Andreas mengambil contoh perusahaan retail asal Amerika Serikat, Target, yang disusupi malware melalui pegawainya. "Sekarang semua perusahaan sudah punya sistem keamanan, oleh karena itu saat ini malware dimasukkan dengan cara yang lebih modern lewat jejaring sosial pegawainya," ujar dia.
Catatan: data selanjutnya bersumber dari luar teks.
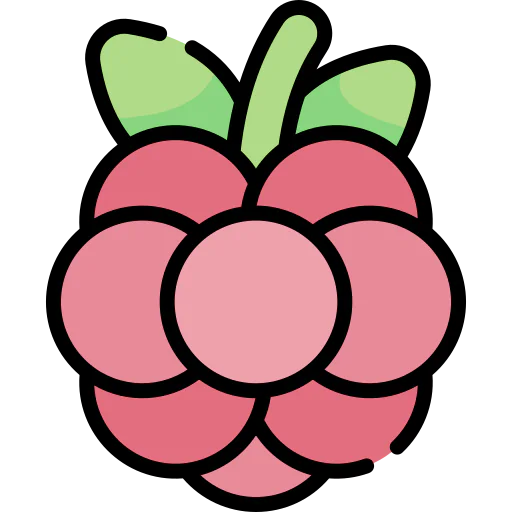 Berry icon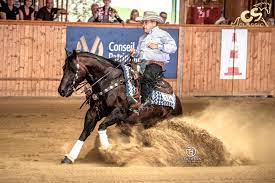 Reining Horse Champion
Menurut Andreas, malware kini dikirim dalam bentuk email yang disesuaikan dengan interest pegawai yang dapat diketahui, misalnya, melalui akun Facebook-nya. "Sebelumnya hacker sudah memata-matai dulu, melihat pegawainya itu suka apa dari postingan atau laman yang dia like, share atau komen, misalnya," kata Andreas.
"Setelah itu malware akan menyamar, masuk dan bisa tidak terdeteksi lama sekali," sambung dia.
Malware yang masuk ke PC pegawai akan "tinggal" di RAM, lalu mengambil data konsumen melalui gesekan setiap kartu kredit, seperti yang terjadi pada toko retail Target yang tidak sadar 11 juta data konsumennya dicuri.
Andreas menilai perlu ada mekanisme yang dapat mendeteksi traffic, bukan hanya dari signature maupun pattern, tetapi juga behavior.
"Deep Discovery bisa mendeteksi gerak-gerik file yang mencurigakan. Solusi tersebut juga dapat mendeteksi alamat IP markas besar malware, bahkan mengetahui sejarah dari malware tersebut," ujar Andreas.